Tagged literal for `clojure.core.Vec` -not possible for Clojure?

I’m struggling with building a reader function for a tagged literal that will yield a clojure.core.Vec -which, when initialized to hold :byte, is a pretty close stand-in for a Java native byte array but with the nice property of being immutable and following Clojure equality semantics.

Regardless of my reader function, the resulting value is always a clojure.lang.PersistentVector -which is not at all the same thing.

Here’s a quick reader function you can try that looks like it should work:

(defn read-bytes [bs] (apply vector-of :byte (map byte bs)))

Then add an appropriate data_readers.clj entry:

{cch/bytes cch.bytes/read-bytes}

Then, from the REPL, type in

(class #cch/bytes [-1 0 1])

I am surprised by the result, especially since this yields the expected answer:

(read-string "#cch/bytes [1 0 -1]")

It’s as though the Clojure reader cycles through the print/read process a second time after the reader function has done its job. But even defining print-dup for clojure.core.Vec doesn’t seem to resolve the problem. Here’s my attempt:

(defmethod print-dup clojure.core.Vec
  [^clojure.core.Vec v ^java.io.Writer w]
  (.write w "#cch/bytes ")
  (.write w (str v)))

In fact, it doesn’t seem to matter what I use for the print-dup implementation -Clojure always prints a clojure.core.Vec as a clojure.lang.PersistentVector.

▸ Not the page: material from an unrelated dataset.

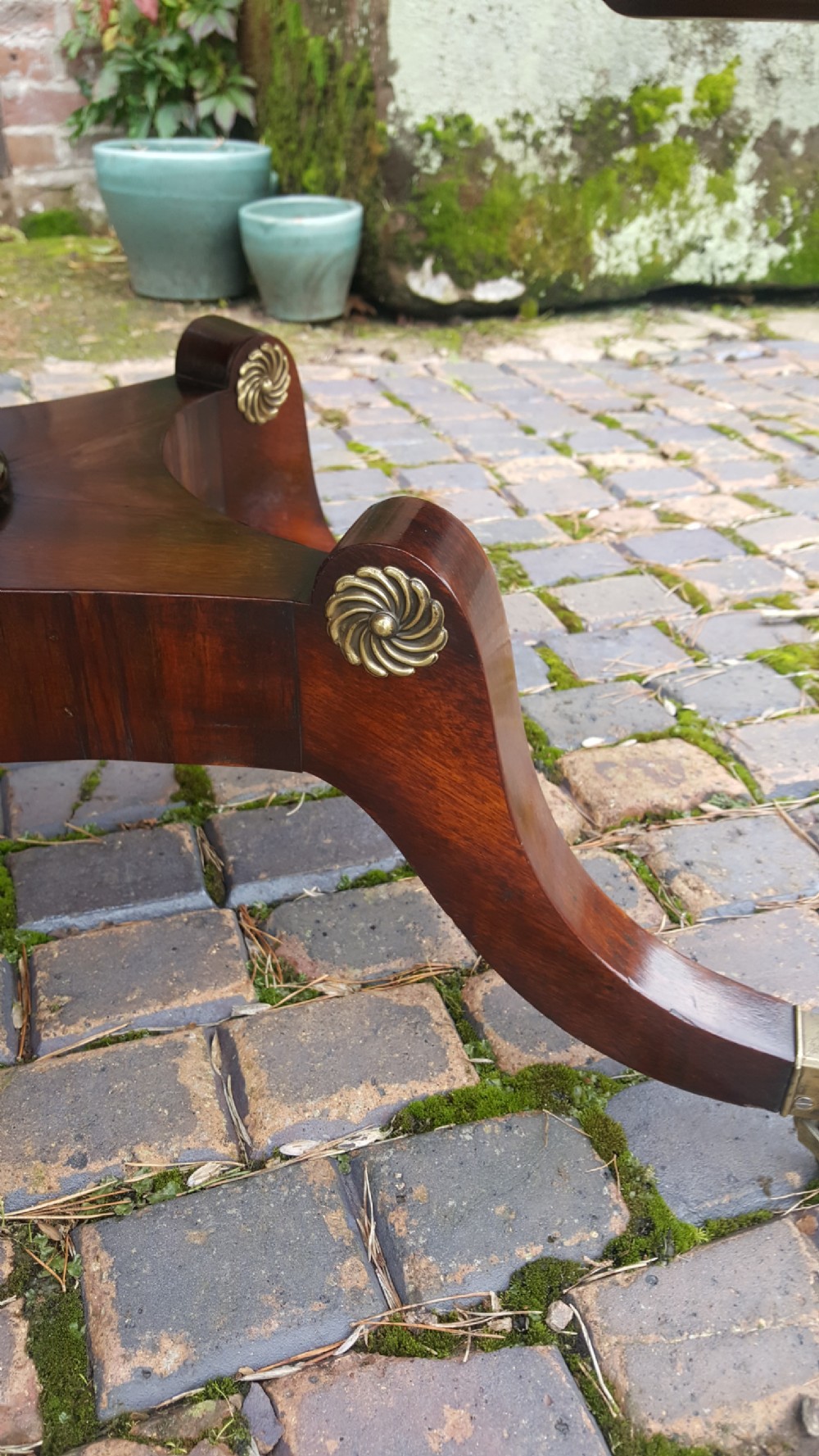 Regency Goncalo Alves Pedestal Sofa Table View IV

So I guess there are really two questions: 1. Why can’t I supply a print-dup for clojure.core.Vec? and 2. Why is my tagged literal reader function not sufficient to yield a clojure.core.Vec?

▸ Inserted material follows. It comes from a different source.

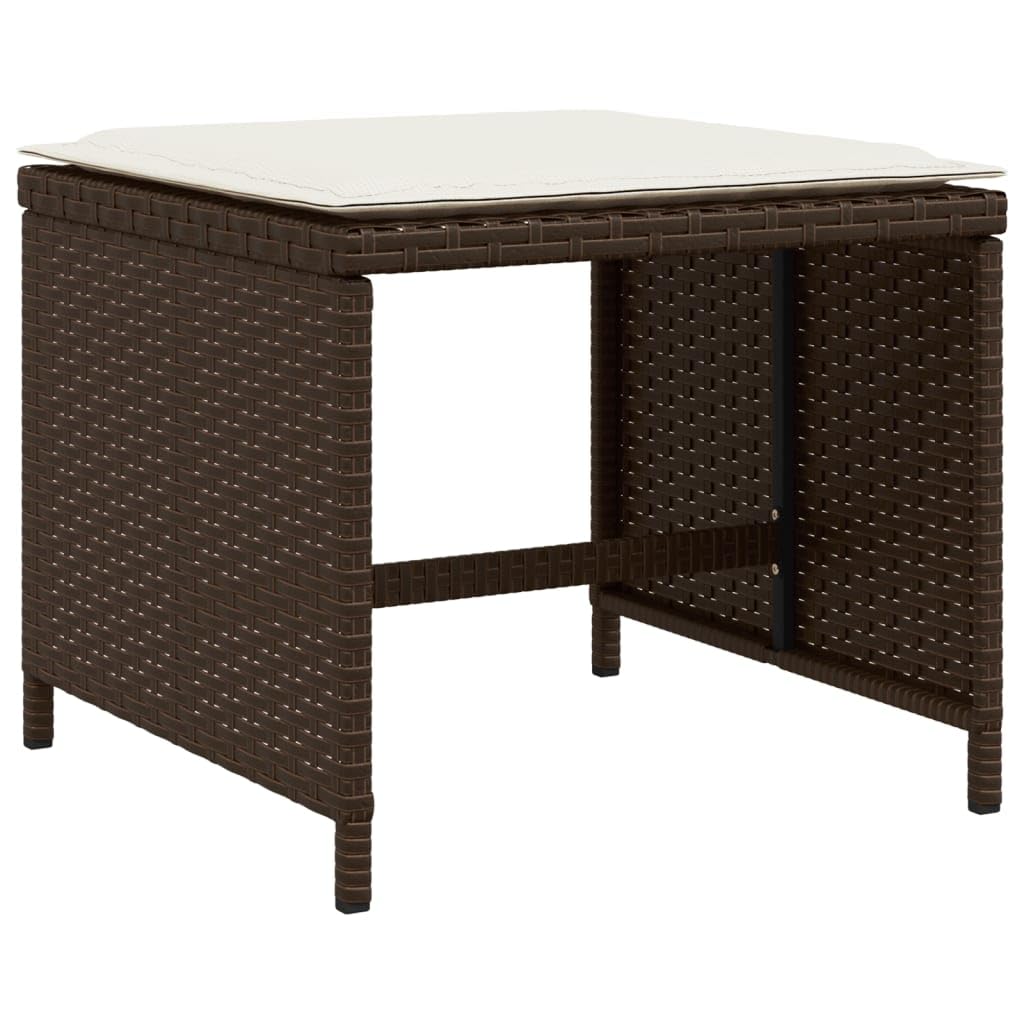 IKAYAA Set Tavolo da Giardino con Sedie da 7 Pezzi Set Pranzo Giardino Set Mobili da Giardino 7 Pezzi in Polyrattan Salotto da Esterno con Tavolo-Marrone-11 pz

I had a similar double-printing phenomenon where the read-bytes function was invoked 2x. I’m guessing that there’s some special processing happening in the reader logic that’s maybe getting confused by using Vecs which derive from vectors…

Out of curiosity (just avoiding any problems that might happen if you are working on something that inherits from vector), if you define your own typed container that wraps a byte array:

(deftype bytevector [^bytes bs]
  clojure.lang.Counted
  (count [this] (alength bs))
  clojure.lang.Indexed
  (nth [this idx] (aget bs idx))
  (nth [this idx not-found]
    (if (and (pos? idx)
             (< idx (alength bs)))
      (aget bs idx)
      not-found))
  clojure.lang.Seqable
  (seq [this] (seq bs)))

(defn read-bytes [xs]
  (bytevector. (byte-array xs)))

(defmethod print-method bytevector [v ^java.io.Writer w]
  (.write w (str "#user/bytevector"(vec (seq v)))))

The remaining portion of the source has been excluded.